(Dataset records)
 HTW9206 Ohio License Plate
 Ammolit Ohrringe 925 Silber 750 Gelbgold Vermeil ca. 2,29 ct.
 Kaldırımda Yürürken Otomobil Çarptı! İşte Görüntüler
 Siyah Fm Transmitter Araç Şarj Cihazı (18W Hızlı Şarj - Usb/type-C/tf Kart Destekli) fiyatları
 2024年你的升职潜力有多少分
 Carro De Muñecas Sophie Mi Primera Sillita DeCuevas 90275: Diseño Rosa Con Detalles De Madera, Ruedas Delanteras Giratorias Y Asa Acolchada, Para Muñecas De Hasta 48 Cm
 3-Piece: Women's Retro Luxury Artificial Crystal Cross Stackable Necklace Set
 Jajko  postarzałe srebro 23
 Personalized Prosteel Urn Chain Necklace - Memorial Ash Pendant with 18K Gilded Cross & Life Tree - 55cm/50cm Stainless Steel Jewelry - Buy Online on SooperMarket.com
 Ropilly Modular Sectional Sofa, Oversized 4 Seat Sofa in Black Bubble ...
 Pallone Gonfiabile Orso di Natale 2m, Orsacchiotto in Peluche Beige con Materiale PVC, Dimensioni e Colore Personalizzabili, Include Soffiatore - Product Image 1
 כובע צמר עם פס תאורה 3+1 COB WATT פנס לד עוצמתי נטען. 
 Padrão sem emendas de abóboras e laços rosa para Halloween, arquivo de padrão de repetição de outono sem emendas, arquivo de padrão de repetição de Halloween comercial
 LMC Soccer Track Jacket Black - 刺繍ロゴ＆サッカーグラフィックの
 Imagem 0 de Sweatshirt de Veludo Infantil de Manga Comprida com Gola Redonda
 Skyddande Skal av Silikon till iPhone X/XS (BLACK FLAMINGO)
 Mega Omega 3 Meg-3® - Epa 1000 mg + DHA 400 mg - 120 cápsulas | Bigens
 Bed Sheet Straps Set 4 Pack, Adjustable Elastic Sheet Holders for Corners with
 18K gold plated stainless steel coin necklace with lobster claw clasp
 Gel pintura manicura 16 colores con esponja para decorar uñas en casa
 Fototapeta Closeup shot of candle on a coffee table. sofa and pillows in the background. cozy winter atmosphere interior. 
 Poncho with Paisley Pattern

[Exercise] Extract each line holding the word "Cross" from the records.

[Solved problem]
 3-Piece: Women's Retro Luxury Artificial Crystal Cross Stackable Necklace Set
 Personalized Prosteel Urn Chain Necklace - Memorial Ash Pendant with 18K Gilded Cross & Life Tree - 55cm/50cm Stainless Steel Jewelry - Buy Online on SooperMarket.com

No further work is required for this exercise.